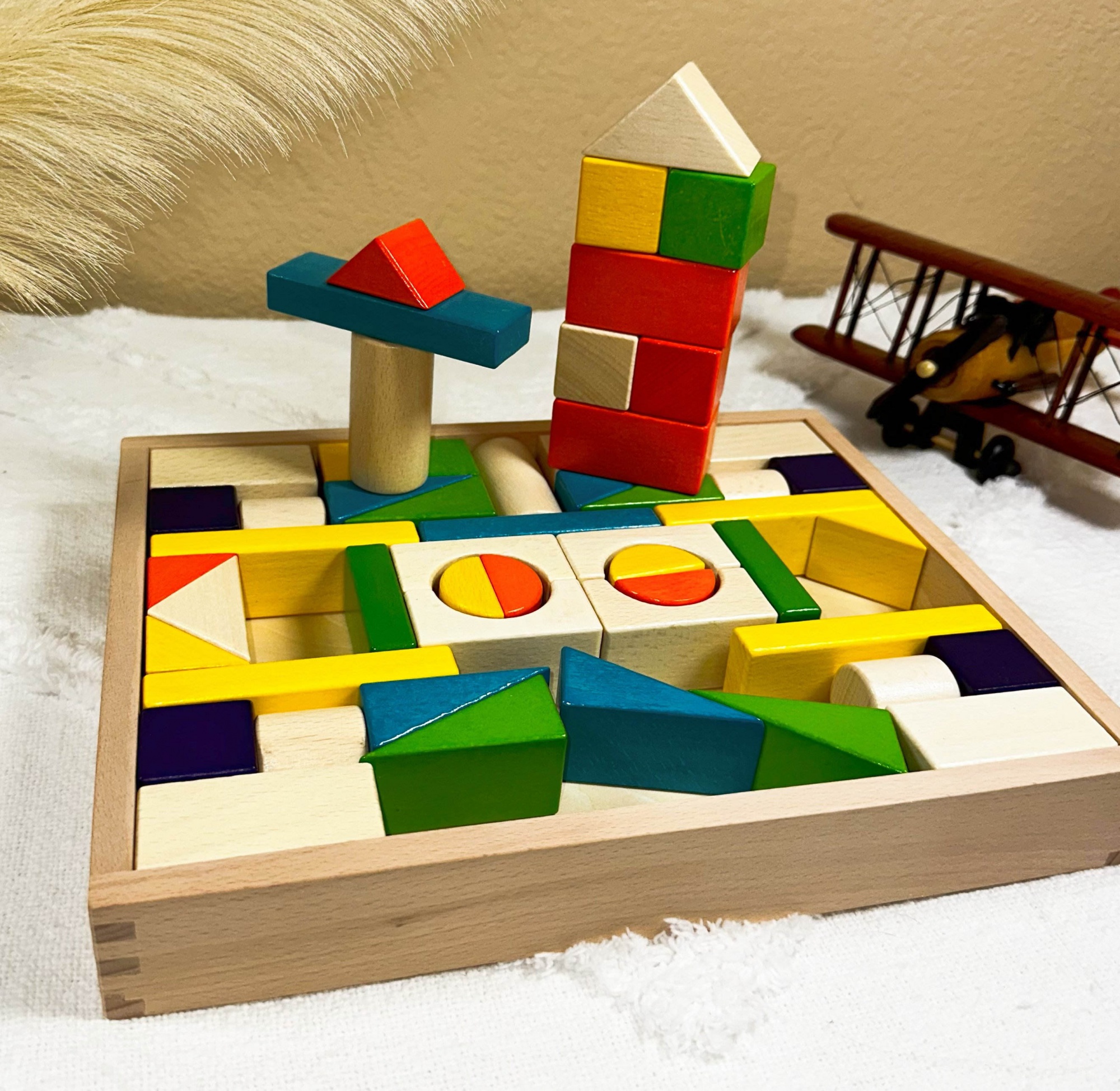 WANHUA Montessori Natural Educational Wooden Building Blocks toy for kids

* * *

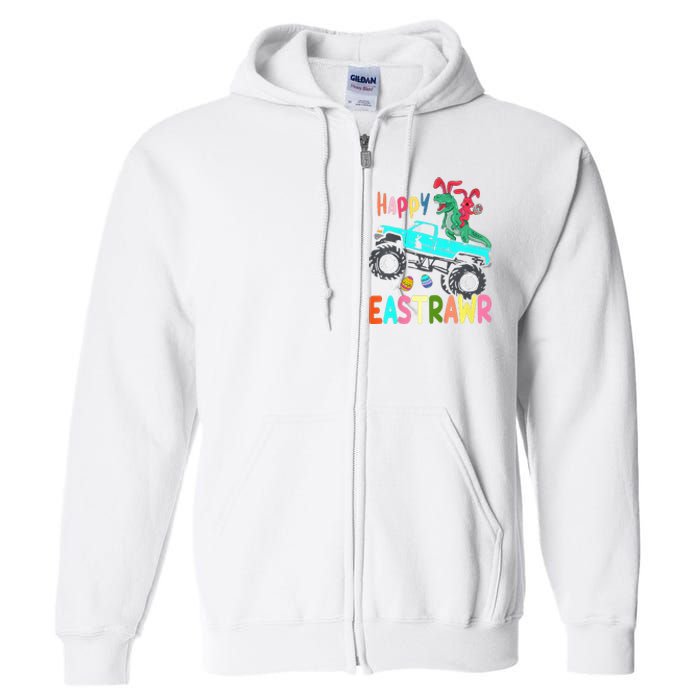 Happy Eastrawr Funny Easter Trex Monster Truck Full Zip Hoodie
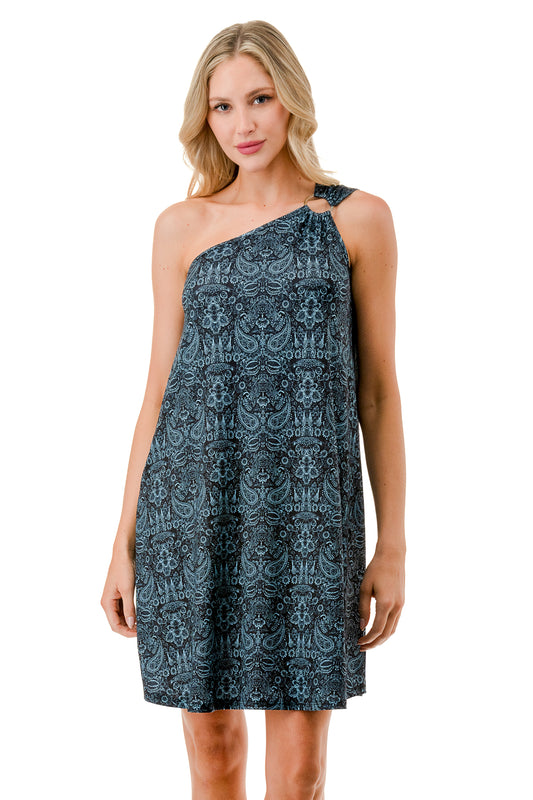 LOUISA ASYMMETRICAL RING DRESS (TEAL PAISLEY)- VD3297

* TASK DESCRIPTION
Using the listing above, restate exactly the range between the lines holding "Happy Eastrawr Funny" and "LOUISA ASYMMETRICAL RING", inclusive, with pictures left out.

* RESPONSE AREA
 Happy Eastrawr Funny Easter Trex Monster Truck Full Zip Hoodie
 LOUISA ASYMMETRICAL RING DRESS (TEAL PAISLEY)- VD3297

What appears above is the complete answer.